ASSIGNED TASK
Omit the pictures and return exactly the stretch of the material below from the line with "Old bottles and jars. 1" through the line with "porte-garage-fenetres-jung_030".

'''

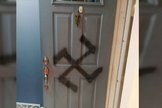 Suástica nazista pichada em porta. (Foto representativa: Jewish Breaking News)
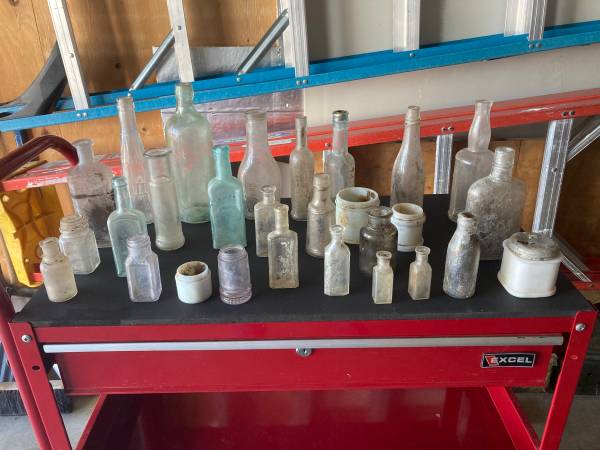 Old bottles and jars. 1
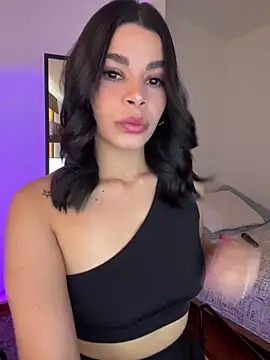 Snapshot of DaryRos chatting on September 18, 2025, 8:34 pm DaryRos online show from September 18, 2025, 8:34 pm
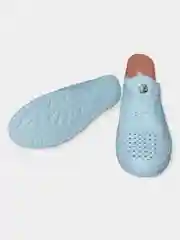 Кроссовки женские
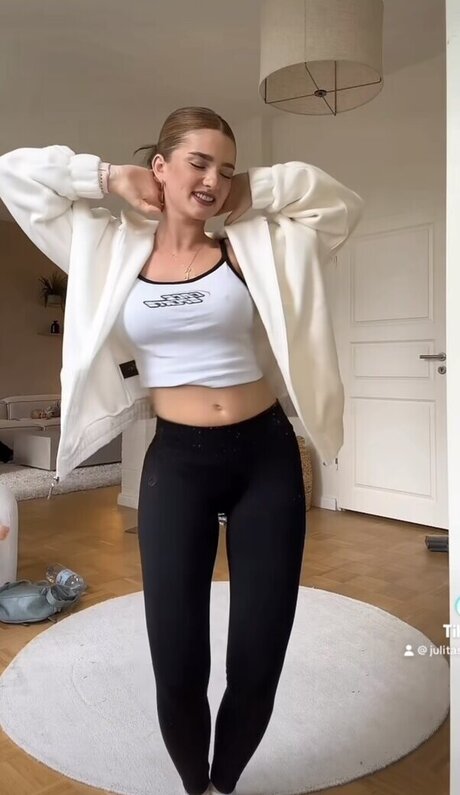 Julia Schulze schauspielerin sex fotos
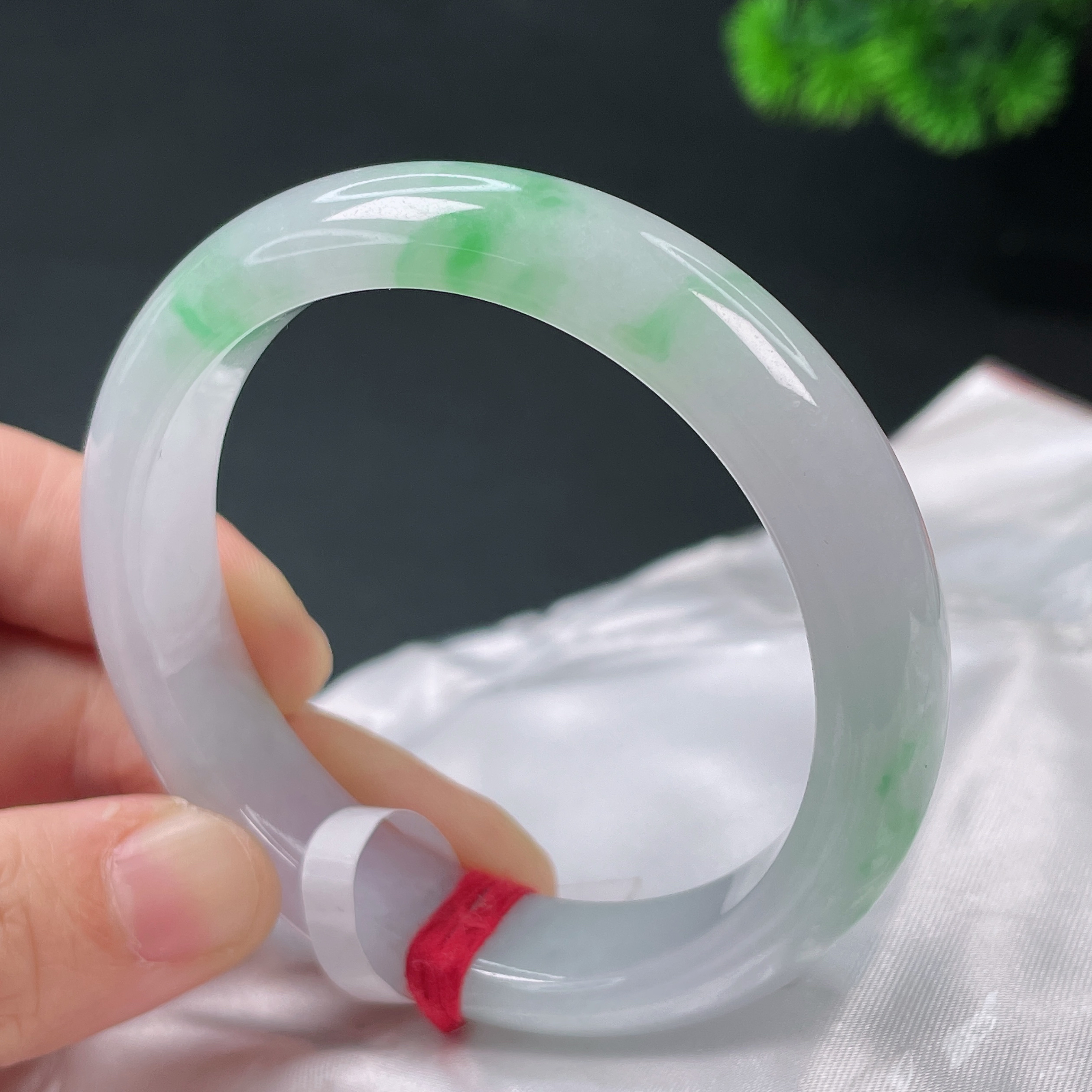 1214缅甸天然翡翠A货55圈白底青飘阳绿手镯时尚百搭少女妈妈款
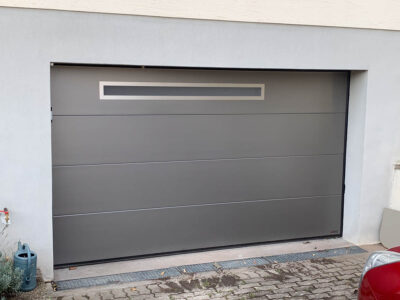 porte-garage-fenetres-jung_030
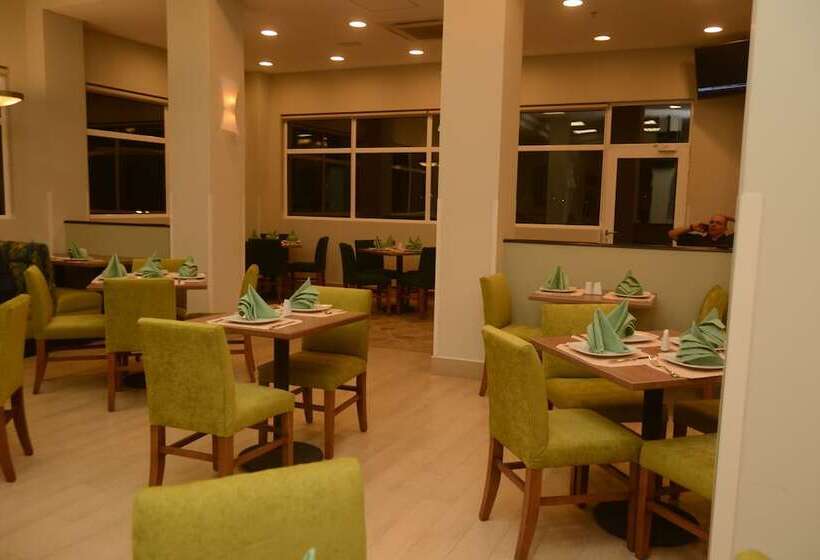 Holiday Inn Hotel & Suites Hermosillo Aeropuerto, An Ihg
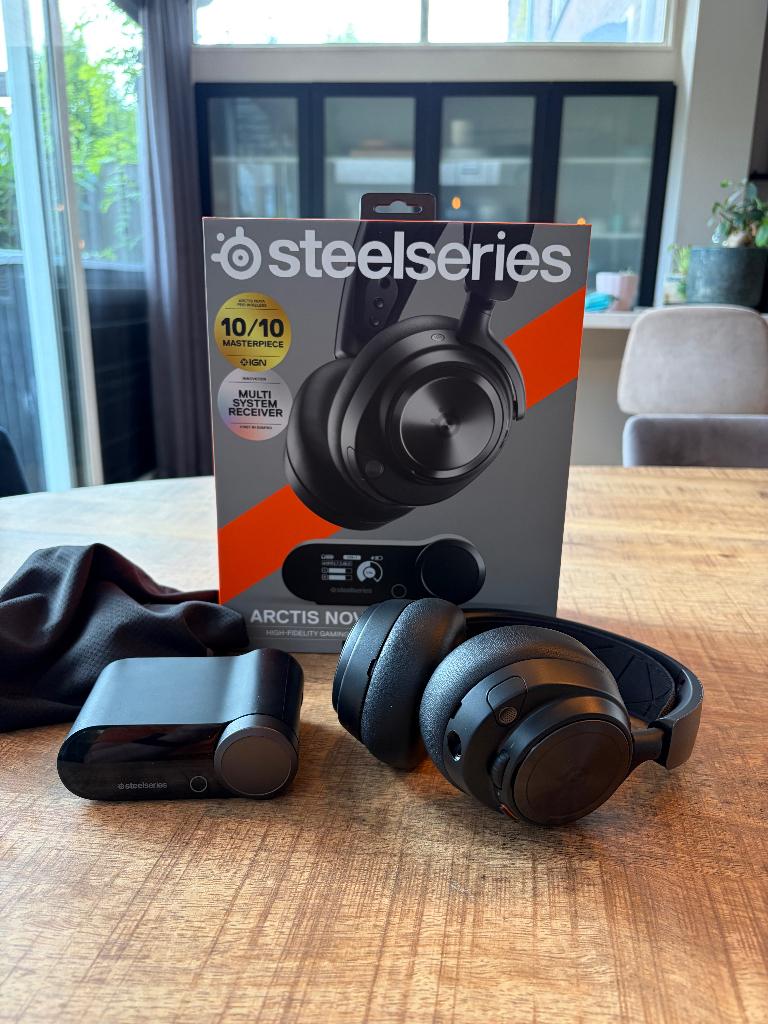 SteelSeries Arctis Nova Pro - Draadloze Gaming Headset ZGAN, Computers en Software, Headsets, Zo goed als nieuw, Over-ear, Draadloos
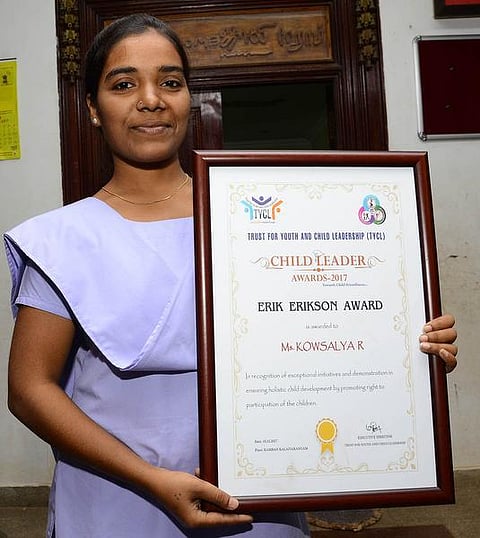 நரிக்குறவ சமூகத்தில் ஒரு நர்சிங் மாணவி: புதுச்சேரி கவுசல்யா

'''

ANSWER SECTION
 Old bottles and jars. 1
 Snapshot of DaryRos chatting on September 18, 2025, 8:34 pm DaryRos online show from September 18, 2025, 8:34 pm
 Кроссовки женские
 Julia Schulze schauspielerin sex fotos
 1214缅甸天然翡翠A货55圈白底青飘阳绿手镯时尚百搭少女妈妈款
 porte-garage-fenetres-jung_030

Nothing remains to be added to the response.